■ **ABOUT THIS EXERCISE**:
The full set of records is to be reproduced verbatim.

::: EXTRACTED MATERIAL

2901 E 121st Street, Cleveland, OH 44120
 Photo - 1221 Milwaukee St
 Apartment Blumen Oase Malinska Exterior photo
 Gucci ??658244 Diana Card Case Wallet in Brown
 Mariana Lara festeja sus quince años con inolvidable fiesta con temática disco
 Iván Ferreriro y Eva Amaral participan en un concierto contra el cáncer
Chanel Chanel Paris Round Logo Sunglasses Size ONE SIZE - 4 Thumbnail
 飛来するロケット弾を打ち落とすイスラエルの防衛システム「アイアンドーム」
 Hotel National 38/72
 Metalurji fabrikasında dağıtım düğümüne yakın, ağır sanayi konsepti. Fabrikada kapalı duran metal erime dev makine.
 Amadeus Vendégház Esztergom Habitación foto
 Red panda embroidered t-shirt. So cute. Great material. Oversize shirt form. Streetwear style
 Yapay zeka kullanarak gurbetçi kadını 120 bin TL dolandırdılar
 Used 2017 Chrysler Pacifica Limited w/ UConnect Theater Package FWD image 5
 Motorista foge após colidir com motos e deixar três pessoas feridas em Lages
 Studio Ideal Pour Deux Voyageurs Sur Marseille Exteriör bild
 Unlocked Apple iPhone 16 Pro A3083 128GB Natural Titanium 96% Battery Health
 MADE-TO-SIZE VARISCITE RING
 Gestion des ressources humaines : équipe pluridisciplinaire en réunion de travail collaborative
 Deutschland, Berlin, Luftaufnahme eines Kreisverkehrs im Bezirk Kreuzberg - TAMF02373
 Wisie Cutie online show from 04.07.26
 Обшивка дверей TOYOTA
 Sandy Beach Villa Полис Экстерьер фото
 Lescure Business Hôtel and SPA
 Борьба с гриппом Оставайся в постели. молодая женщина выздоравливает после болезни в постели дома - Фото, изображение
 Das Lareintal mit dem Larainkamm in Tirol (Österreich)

::::::

■ **TASK RESPONSE**:
2901 E 121st Street, Cleveland, OH 44120
 Photo - 1221 Milwaukee St
 Apartment Blumen Oase Malinska Exterior photo
 Gucci ??658244 Diana Card Case Wallet in Brown
 Mariana Lara festeja sus quince años con inolvidable fiesta con temática disco
 Iván Ferreriro y Eva Amaral participan en un concierto contra el cáncer
Chanel Chanel Paris Round Logo Sunglasses Size ONE SIZE - 4 Thumbnail
 飛来するロケット弾を打ち落とすイスラエルの防衛システム「アイアンドーム」
 Hotel National 38/72
 Metalurji fabrikasında dağıtım düğümüne yakın, ağır sanayi konsepti. Fabrikada kapalı duran metal erime dev makine.
 Amadeus Vendégház Esztergom Habitación foto
 Red panda embroidered t-shirt. So cute. Great material. Oversize shirt form. Streetwear style
 Yapay zeka kullanarak gurbetçi kadını 120 bin TL dolandırdılar
 Used 2017 Chrysler Pacifica Limited w/ UConnect Theater Package FWD image 5
 Motorista foge após colidir com motos e deixar três pessoas feridas em Lages
 Studio Ideal Pour Deux Voyageurs Sur Marseille Exteriör bild
 Unlocked Apple iPhone 16 Pro A3083 128GB Natural Titanium 96% Battery Health
 MADE-TO-SIZE VARISCITE RING
 Gestion des ressources humaines : équipe pluridisciplinaire en réunion de travail collaborative
 Deutschland, Berlin, Luftaufnahme eines Kreisverkehrs im Bezirk Kreuzberg - TAMF02373
 Wisie Cutie online show from 04.07.26
 Обшивка дверей TOYOTA
 Sandy Beach Villa Полис Экстерьер фото
 Lescure Business Hôtel and SPA
 Борьба с гриппом Оставайся в постели. молодая женщина выздоравливает после болезни в постели дома - Фото, изображение
 Das Lareintal mit dem Larainkamm in Tirol (Österreich)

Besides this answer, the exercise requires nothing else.